Photo of Gregory O’Meara wearing a Roman Catholic priest’s collar, years after his role as Assistant DA in the Dahmer case.

Here’s a fun game: pull up Father Gregory O’Meara’s bio on Marquette University’s shiny new Leadership page. He’s listed as rector of the Jesuit community. Now read it carefully.

Notice anything missing?

In 2023, the official bio proudly stated:

“His prior legal experience includes working as an assistant district attorney in Milwaukee County, where he second-chaired the prosecution of serial killer Jeffrey Dahmer.”

That was the prestige credit. The résumé crown jewel. And if you think I’m paraphrasing, you can see the original right here:

Fast forward to 2025. The same bio now reads:

“His prior legal experience includes working as an assistant district attorney in Milwaukee County.”

That’s it. No mention of Jeff Dahmer. No claim to “second-chairing” one of the “most notorious criminal cases” in U.S. history.  

So what happened?

For years, Marquette had no problem advertising O’Meara’s role in prosecuting Jeff Dahmer. Now, with a few keystrokes, it’s gone. This isn’t the kind of edit you make because you’re cleaning up the word count. This is the kind of edit you make when you don’t want people looking too closely…or when you don’t want to answer questions about what really happened.

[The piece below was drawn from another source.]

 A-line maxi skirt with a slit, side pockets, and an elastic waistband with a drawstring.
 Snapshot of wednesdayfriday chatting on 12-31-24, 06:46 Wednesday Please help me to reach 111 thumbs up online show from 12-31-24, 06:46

And that’s why this matters.

Quiet scrubs like this are a signal. The public record is being altered, the official version of events adjusted. When institutions decide certain names, dates, or details are suddenly inconvenient, they don’t hold a press conference. They make small, surgical changes, hoping no one compares the before and after.

We’re getting somewhere.

If you want to see how this quiet edit fits into a much larger pattern, start with the Evidence

One last note: O’Meara’s Marquette Leadership bio says he’s an expert in legal ethics. That line, at least, they’ve decided to keep.